Until one day, an opportunity arose—a chance to finally break out of the cycle of monotony she had created for herself. Now that her husband, a teacher at a Carroll Gardens high school, was retiring, he surprised her with something he had been planning for years: the money he had set aside for her to open her own bar, wherever she wanted. It could be a chance to at last leave Brooklyn, and start all over again in this new phase of their life together.

Elated at first, Gilda’s heart sank when she thought of her regulars, sitting there alone without her. Some rude, impersonal 22-year-old taking over her position. Or worse, a man. She knew she oughtn’t base an important and rare life decision on them, but so much of her life had been enriched from being near them that she couldn’t help it. When she explained this to her husband, he balked, “You’re going to throw our future away on four losers who could never kick their drinking habit?”

He didn’t understand. Couldn’t. The relationship between a bartender and her regulars is almost like the one between therapist and patient. She was Dr. Melfi, for fuck’s sake—why couldn’t her husband see that? Leaving them now could very well set off a crack in the Brooklyn universe.

And so, after much deliberation, arguing with her husband and going back and forth with her final choice, Gilda declared, “I can’t leave them.”

But her husband didn’t want to stay in New York, hadn’t wanted to for quite some time. He was a west coast boy and therefore prone to softness. The kind of softness New York wants to beat out of you until you’re so hardened around the edges you could be wielded as a weapon.

Gilda was upset at first, sure. Especially since she lost out on all that money he had saved for her, but when she told the quartet about what she had done, they smiled upon her and embraced her.

“Well, fret not Gilda. We wouldnta let you leave even if you had tried,” assured Joe.

And the next day, when she arrived at work, there was a massive ribbon around the countertop. As she got closer, Clint, Bobby, Mike and Joe all popped out from behind the bar and screamed, “Surprise!,” uncorking a bottle of champagne as they did so.

You see, it’s always guys like Gilda’s regulars, ill-dressed, ill-spoken and limited in interests, that seem to have the most unexpected financial resources.
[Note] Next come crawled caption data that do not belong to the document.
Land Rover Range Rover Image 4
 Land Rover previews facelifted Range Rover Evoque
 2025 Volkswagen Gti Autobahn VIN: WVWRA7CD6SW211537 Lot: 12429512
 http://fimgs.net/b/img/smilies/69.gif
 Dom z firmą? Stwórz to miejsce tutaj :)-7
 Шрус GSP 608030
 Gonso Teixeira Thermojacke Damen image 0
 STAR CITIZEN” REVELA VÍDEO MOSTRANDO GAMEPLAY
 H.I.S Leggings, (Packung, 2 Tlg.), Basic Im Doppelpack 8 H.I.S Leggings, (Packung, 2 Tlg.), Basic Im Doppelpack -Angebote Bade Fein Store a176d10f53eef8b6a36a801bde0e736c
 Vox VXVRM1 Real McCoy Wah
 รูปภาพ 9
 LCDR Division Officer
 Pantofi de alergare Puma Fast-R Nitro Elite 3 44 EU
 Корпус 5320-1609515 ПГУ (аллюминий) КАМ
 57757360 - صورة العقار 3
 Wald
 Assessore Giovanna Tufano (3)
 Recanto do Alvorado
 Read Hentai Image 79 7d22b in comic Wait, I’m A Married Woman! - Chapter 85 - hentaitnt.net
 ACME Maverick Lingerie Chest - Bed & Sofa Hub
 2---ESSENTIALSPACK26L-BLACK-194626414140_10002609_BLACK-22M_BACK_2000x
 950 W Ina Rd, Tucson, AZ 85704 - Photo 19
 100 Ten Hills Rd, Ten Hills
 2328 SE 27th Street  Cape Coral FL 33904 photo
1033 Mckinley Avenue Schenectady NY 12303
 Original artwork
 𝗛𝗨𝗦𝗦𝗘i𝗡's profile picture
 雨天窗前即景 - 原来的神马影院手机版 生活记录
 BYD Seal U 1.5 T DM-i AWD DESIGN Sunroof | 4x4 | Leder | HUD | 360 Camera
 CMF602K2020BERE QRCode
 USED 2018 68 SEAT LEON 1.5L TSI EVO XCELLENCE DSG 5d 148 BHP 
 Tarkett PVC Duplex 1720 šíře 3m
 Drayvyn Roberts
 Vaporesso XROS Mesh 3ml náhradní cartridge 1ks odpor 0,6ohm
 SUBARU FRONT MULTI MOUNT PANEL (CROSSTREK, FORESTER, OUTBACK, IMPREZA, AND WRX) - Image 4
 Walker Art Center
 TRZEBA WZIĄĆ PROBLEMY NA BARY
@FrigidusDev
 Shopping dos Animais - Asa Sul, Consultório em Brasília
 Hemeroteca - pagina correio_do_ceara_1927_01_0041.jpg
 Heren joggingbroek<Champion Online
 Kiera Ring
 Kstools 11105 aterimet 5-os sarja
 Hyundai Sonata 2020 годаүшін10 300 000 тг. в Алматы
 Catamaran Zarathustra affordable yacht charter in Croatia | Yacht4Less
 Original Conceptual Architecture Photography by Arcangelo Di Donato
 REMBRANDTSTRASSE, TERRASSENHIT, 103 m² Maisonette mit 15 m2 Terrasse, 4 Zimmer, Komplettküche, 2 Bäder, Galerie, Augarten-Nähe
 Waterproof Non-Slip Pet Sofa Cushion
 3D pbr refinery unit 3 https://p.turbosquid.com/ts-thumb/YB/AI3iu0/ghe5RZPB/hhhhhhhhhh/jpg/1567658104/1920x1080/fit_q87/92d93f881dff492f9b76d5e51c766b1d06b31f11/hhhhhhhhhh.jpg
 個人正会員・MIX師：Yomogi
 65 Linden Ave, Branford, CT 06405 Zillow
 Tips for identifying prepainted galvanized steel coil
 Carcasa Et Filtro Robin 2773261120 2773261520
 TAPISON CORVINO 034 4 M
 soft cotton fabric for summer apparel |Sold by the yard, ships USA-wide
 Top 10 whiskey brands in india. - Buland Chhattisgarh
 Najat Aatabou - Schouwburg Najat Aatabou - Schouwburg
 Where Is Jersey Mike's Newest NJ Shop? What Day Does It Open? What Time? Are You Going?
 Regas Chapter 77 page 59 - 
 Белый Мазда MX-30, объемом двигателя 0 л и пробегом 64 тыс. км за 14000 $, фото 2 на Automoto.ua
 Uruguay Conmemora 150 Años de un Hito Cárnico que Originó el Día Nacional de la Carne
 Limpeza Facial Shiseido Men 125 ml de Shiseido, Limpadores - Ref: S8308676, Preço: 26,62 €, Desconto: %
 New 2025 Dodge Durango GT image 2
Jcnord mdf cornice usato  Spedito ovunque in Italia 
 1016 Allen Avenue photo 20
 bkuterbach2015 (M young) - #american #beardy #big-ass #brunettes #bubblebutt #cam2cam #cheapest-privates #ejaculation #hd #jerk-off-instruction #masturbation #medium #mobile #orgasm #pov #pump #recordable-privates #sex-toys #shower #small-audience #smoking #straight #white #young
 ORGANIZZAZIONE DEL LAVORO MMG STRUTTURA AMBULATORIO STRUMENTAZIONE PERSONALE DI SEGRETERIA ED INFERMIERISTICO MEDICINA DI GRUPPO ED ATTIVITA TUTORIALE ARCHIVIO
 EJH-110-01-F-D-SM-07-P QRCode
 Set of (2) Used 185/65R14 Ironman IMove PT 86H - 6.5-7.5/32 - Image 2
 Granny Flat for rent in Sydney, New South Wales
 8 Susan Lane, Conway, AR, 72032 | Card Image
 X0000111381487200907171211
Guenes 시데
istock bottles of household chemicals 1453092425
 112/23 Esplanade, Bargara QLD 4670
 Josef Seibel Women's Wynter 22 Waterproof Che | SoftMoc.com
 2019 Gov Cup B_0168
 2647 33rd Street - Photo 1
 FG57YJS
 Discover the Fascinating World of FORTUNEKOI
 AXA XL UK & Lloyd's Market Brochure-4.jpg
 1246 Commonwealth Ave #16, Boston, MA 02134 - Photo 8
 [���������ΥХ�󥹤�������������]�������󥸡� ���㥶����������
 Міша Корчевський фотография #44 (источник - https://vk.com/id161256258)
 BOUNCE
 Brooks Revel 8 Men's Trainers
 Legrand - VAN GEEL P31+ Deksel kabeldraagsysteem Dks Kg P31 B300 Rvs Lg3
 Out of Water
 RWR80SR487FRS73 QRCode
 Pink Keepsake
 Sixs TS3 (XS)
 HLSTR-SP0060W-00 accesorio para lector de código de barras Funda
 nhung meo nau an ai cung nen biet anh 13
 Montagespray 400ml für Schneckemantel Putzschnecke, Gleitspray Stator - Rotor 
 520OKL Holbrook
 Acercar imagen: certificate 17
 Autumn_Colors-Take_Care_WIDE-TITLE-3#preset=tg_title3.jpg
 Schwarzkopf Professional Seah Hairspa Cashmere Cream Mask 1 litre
And it is as a result of this that they bought Gilda the bar, where she spent out the rest of her employable days serving them—well-surpassing that 85-year-old “barmaid” she had told them about so many years ago now. And when all her regulars had died off, she commemorated them with plaques at each of their barstools—the places where their asses sat were hallowed now. And she was the sole keeper of their memory.